I think this one is too long. I could still go back and cut two or three songs. There’s probably some stuff on there that could have been b-sides, but as a whole it really felt like we had hit the mark.

Lyrically, it feels very structured and precise.
Yeah. I work better inside of constructs and I’d built out this construct in my head that it was going to have these symbols that come out throughout the record where you’re going to see bombs and ghosts and devils and pills throughout the whole thing, and they are all going to be representative of something. So, knowing that in advance, I was able to weave them in in certain ways to let the themes carry through the record. And that really helped with the lyricism, to say like, “You’re talking about this thing and I already have this thing which is representative of it throughout the record, so let’s go ahead and bring that back.” That really made me feel at ease writing it.

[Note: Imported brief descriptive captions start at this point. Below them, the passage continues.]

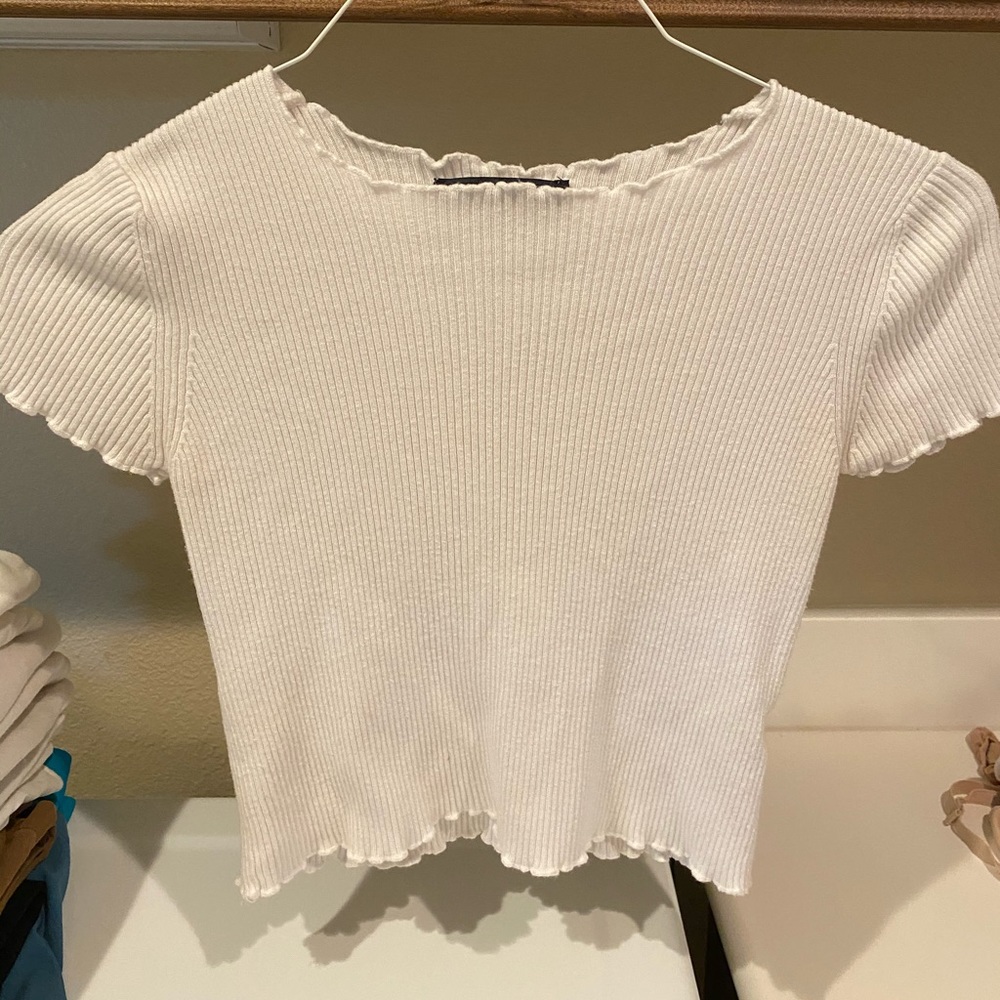 Brandy Melville - White Crop Top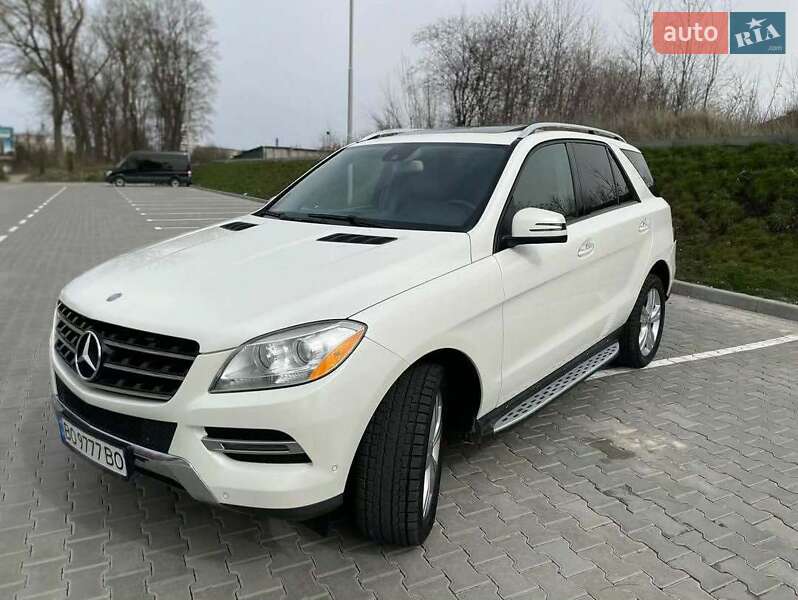 Внедорожник / Кроссовер Mercedes-Benz M-Class 2013 в 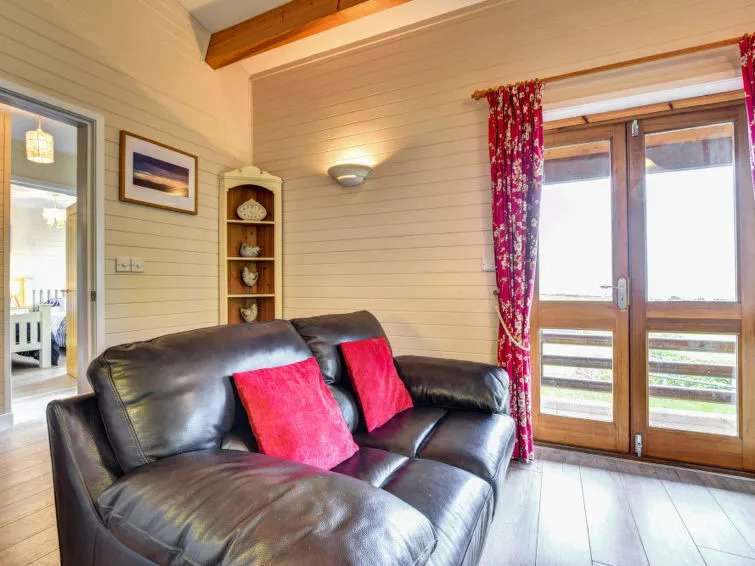 Holiday Home Uwch y Castell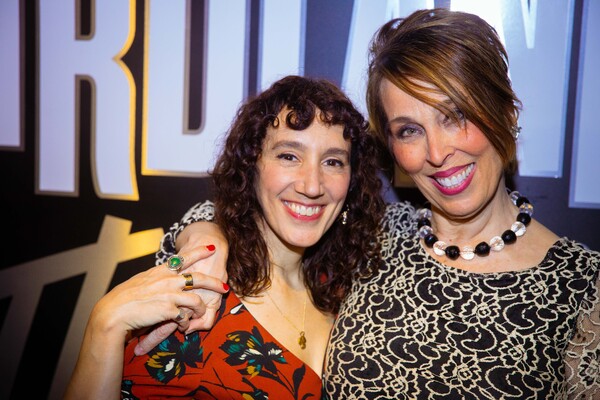 Photos: October 18th Installment of THE LINEUP WITH SUSIE MOSHER Particularly Sparkly In The Matt Baker Lens Image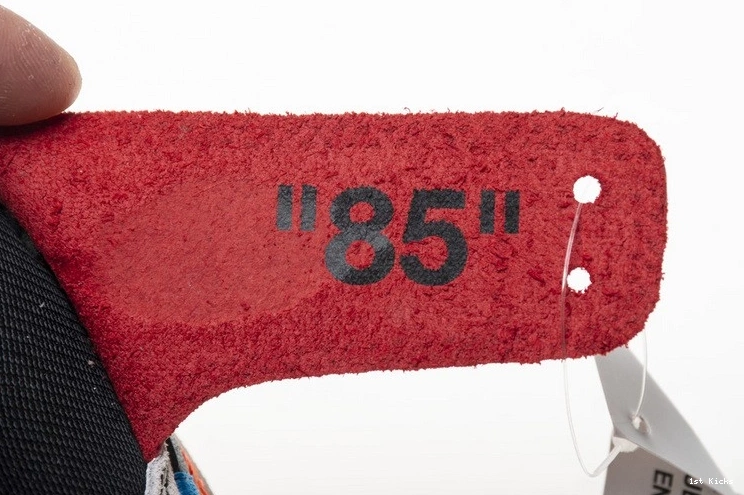 AA3834-101 1 OWT chicago Jordan Air NIKE retro  0119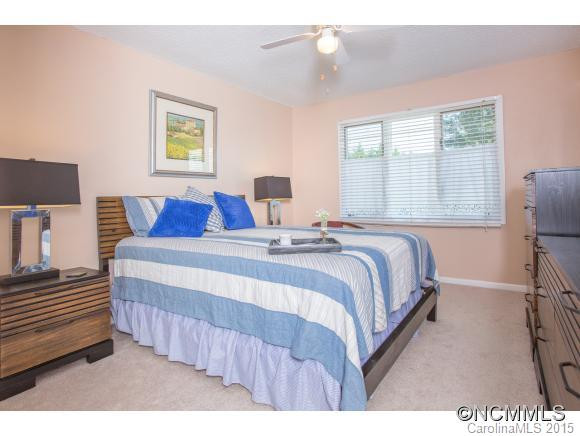 92 Hollybrook Drive - Photo 10
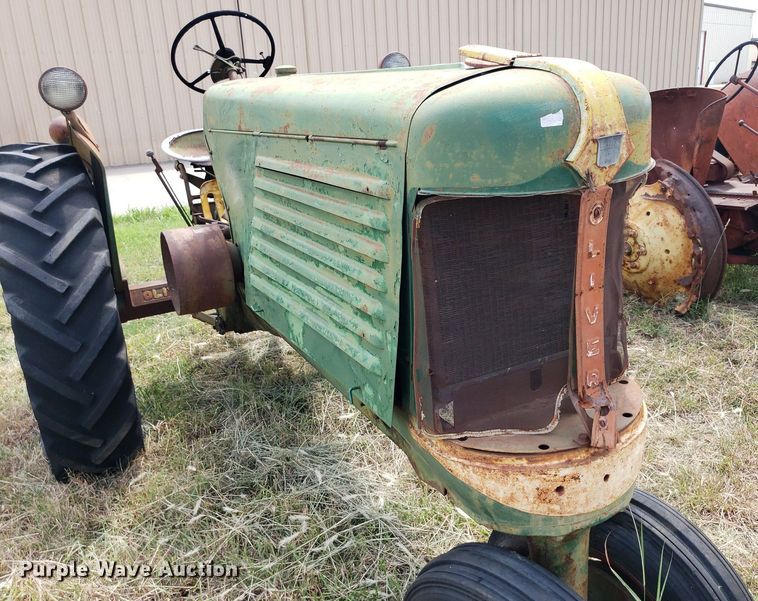 image for item DO2996 1951 Oliver 77  tractor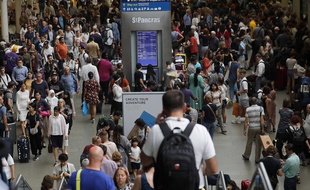 Des passagers à la gare de St. Pancras à Londres (illustration).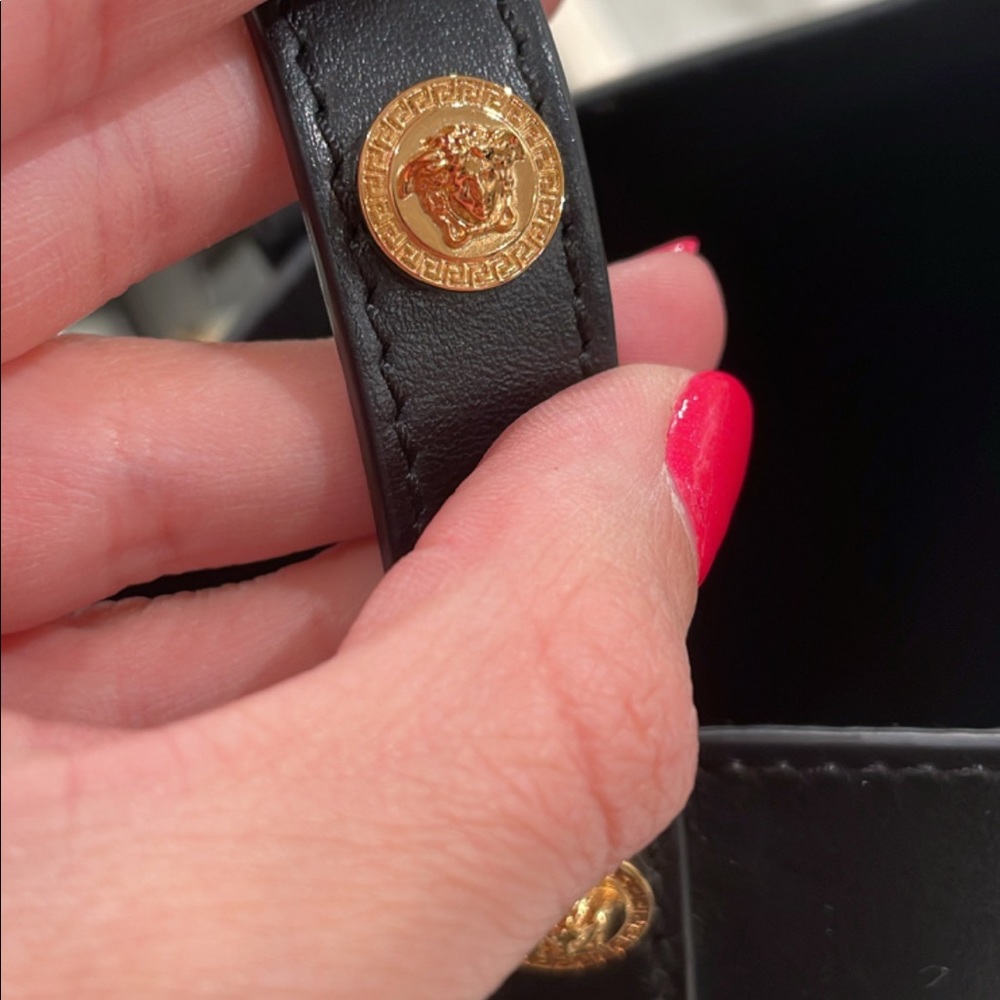 Authentic versace tote bag - Picture 9 of 13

Often, that kind of stuff is a product of someone’s subconscious, so it’s interesting you were bringing them in deliberately.
It would be the kind of thing where I would realize I was getting that theme and then go, “You have a word for this!” But I’m a pretty obsessive kind of guy. I like the minutiae of a lot of things, so it gives me a sense of ease when I have targets to hit instead of just this big open canvas. They’re almost like these little buoys in the ocean that I can hold onto when I need something to hold onto.